International post-2012 framework talks are underway to address global climate change. The European Commission advocates retaining of a cap-and-trade system, namely, the European Emission Trading Scheme that was put into practical application first in the world, while promoting wider adoption of the scheme outside the EU region. They seem to postulate that market functionality will enable to cut emissions at the lowest possible cost through mandatory emission trading.

A new framework should involve big emitters including China and the US. Then one pertinent question is whether or not reasonable and acceptable caps can be established for such major emitters. A multiple of criteria such as per-capita GDP ratio or per-capita GHG emission benchmark have been proposed and discussed so far, although none of them could lead to a consensus.

As seen from the case of the Kyoto Protocol, it is inevitable to settle whatever negotiation by a political compromise after all. Then it might lead to a denial of the market function, because allocated emission rights determined under the influence of political power can directly lead to uneven economic interests through the emission trading.

Also, it is possible that actual reduction efforts are intentionally delayed at both national and corporate levels in order for them to register more advantageous emission histories. Although the concept of auctioning emission caps is supported by some, it is impractical on the part of countries and may be cumbersome on the part of corporations. Growing burdens on corporations will be likely to induce capital flight even.

In my opinion, such an approach to ignore market functions should not be adopted.
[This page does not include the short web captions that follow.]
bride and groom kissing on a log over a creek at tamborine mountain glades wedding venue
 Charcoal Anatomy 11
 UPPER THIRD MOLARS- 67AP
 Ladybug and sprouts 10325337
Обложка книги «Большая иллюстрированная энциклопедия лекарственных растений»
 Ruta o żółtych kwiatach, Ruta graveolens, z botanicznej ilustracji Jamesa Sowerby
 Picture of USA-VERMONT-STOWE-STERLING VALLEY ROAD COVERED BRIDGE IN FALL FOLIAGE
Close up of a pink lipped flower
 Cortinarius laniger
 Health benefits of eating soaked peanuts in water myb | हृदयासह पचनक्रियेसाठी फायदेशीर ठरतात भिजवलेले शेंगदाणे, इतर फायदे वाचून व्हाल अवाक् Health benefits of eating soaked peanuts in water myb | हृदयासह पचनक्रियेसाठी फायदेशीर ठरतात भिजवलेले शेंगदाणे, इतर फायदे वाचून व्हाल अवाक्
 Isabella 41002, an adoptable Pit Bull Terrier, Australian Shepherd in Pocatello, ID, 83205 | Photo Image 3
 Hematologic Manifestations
Undoubtedly, the market functionality can never be perfect. That is why occasional corrections are required. However, even in such cases, we must respect the market as much as we can, while exploring a better mechanism to facilitate industrial efforts. We should direct our efforts toward a path toward ensuring both optimal distribution of resources by way of market functions and conservation of global environment.

Recently, there is a call for a Green New Deal as a way to beat the worldwide simultaneous recession, and I am one of those proponents. In introducing it, I think we need to focus on: establishing a framework in which users are willing to opt for low-carbon goods and services at the market; green paradigm shift of industrial technologies; business orientation to help achieve less resource-intensive, low-carbon infrastructure; development of intellectual industries to place less burden on resources and environment.